Lastly, in a page clearly taken from Jeep’s playbook, Jaguar’s designers decided to throw some Easter eggs into the E-Pace’s cabin. For instance, the base of the windshield features the silhouette of a mother Jaguar and her cub, with the same motif displayed on the ground at night via the puddle lamps. HSE grade E-Paces also feature a Jaguar spot inspired pattern on the storage mats which is sure to be a good conversation starter for Jaguar enthusiasts
Performance for the 2018 E-Pace also breaks new ground for Jaguar. Unlike the larger F-Pace (and the bulk of the brand’s other models) the E-Pace is the first Jaguar offering to feature a four cylinder only lineup, with no V6 available. Base E-Paces come equipped with a 246 horsepower version of JLR’s familiar 2.0 liter Ingenium turbocharged four cylinder engine.
P300 versions like our tester feature a spiced up version of this engine which is good for a healthy 296 horsepower, and an equally balanced 295 lb-ft of torque.
The Ingenium engine is not the smoothest engine in the segment, and it is also has a diesel-esque soundtrack when pushed full throttle, but the deceptive soundtrack does little to diminish just how much fun the E-Pace is to drive.
The engine’s torque comes in early, and the bulk of the power arrives at 5,500 RPM. This allowed the E-Pace to have spirited acceleration, with the sprint to 60 mph taking only 5.9 seconds to complete. Base models have slightly lower figures but are still potent enough for many buyers.
Handling in our tester proved to be its strongest attribute, especially on the winding roads that dotted our route in Wisconsin. The extensive use of aluminium as well as its compact footprint allowed the E-Pace to exhibit good foot work on the winding roads that dotted our route. Steering is quick and linear with a good balance of lightness and road feel which has been a hallmark of Jaguar offerings ever since the dawn of time.
Annoyingly, amid all this goodness, the one wrinkle that stood out was the brake pedal which was a bit too touchy for our tastes, and was hard to modulate in lower speed driving. All wheel drive is standard in U.S. models, but an optional system called Active Driveline brings front and all-wheel drive functionality to the E-Pace, which is ironic since the E-Pace is actually the first Jaguar to be built on a dedicated front-wheel drive platform since the doomed to fail Mondeo based X-type sedan.
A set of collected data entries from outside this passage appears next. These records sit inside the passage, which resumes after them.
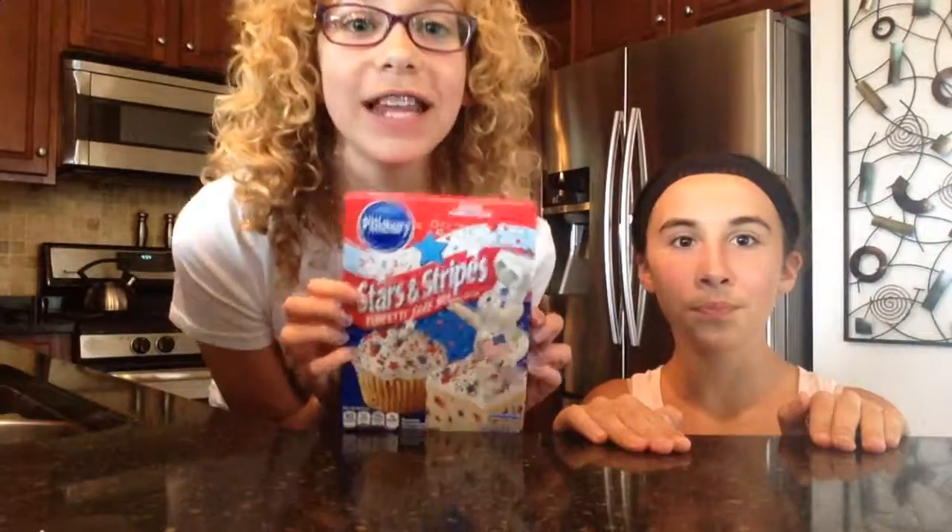Hey guys, it's Sophia and Chloe and we're the SC Girls and today we're going to be making some Funfetti Stars and Stripes cupcakes. So let's go!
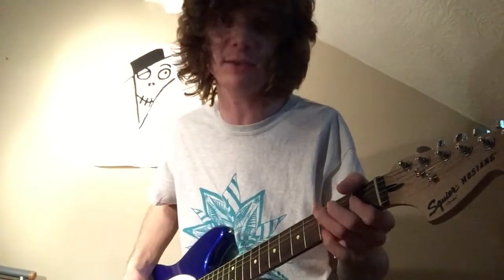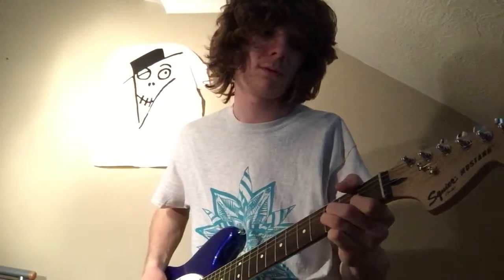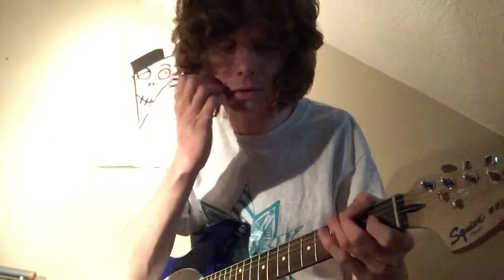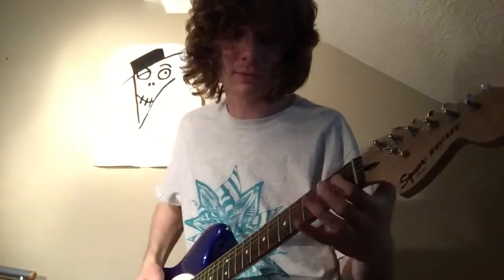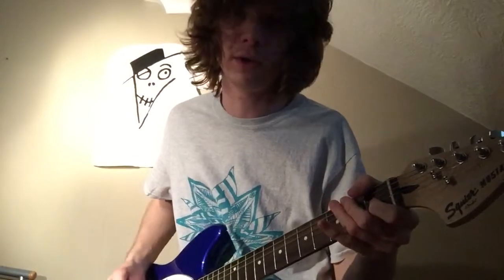Then you do a little ascending run up the fretboard between the first and third frets on the D and G strings — kind of a bluesy feel. It's first, third, first, third, bend, first, and then it goes back into the unison bend again.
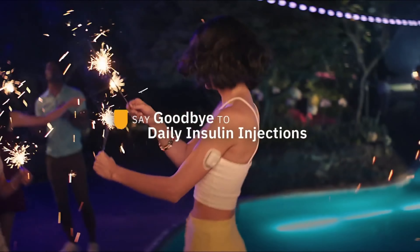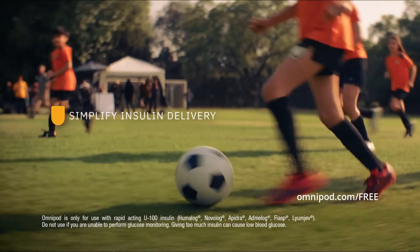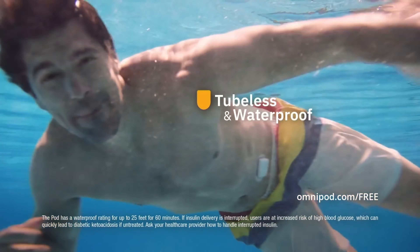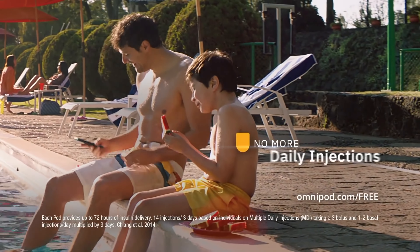Say goodbye to daily insulin injections and simplify life with diabetes with Omnipod. It's a tubeless, waterproof pod that provides insulin without multiple daily injections.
Pricing for the 2018 Jaguar E-Pace is also in line with many of its rivals, and follows the same introductory model layout that defines the Jaguar XE sedan. Base E-Paces start at $39,595 with R-Dynamic models like our tester starting at $48,245. Our HSE model had a generous suite of gear, and it all added up to a grand total of $54,095 which included the $995 destination fee.
Cheap it isn’t, but it is more powerful than the pricier Volvo XC40, and can also go toe to toe with the BMW X1. The Mercedes GLA 250 is another rival, but its 208 horsepower engine is not match for either of the E-Pace’s engines, and buyers looking to surpass the Jags performance will have to step up to the much pricier AMG variant.
The Jaguar E-Pace certainly has all the tools and the styling necessary to transform Jaguar’s reputation and help its utility vehicle lineup reach more buyers.
We are curious to see if an SVR model will eventually arrive in the future to allow it to resonate better with enthusiasts that want more track capability in an otherwise solid and poised compact utility vehicle entry.